For this exercise, copy the data exactly and omit any images.

EXERCISE DATA.
+++

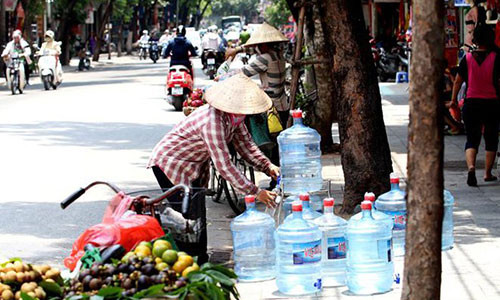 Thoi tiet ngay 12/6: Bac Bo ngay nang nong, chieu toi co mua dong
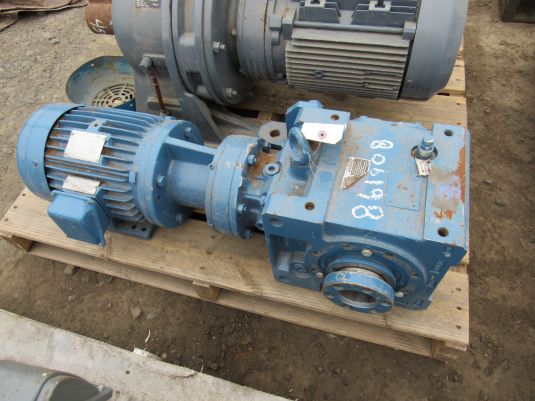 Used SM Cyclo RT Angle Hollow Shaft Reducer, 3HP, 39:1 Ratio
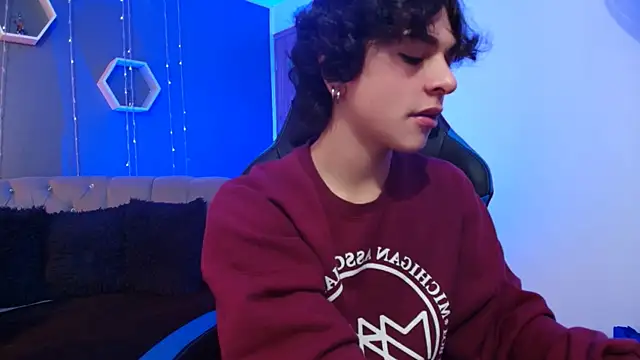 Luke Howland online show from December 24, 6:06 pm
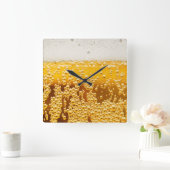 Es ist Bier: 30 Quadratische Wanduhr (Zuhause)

+++

RESULT BELOW.
 Thoi tiet ngay 12/6: Bac Bo ngay nang nong, chieu toi co mua dong
 Used SM Cyclo RT Angle Hollow Shaft Reducer, 3HP, 39:1 Ratio
 Luke Howland online show from December 24, 6:06 pm
 Es ist Bier: 30 Quadratische Wanduhr (Zuhause)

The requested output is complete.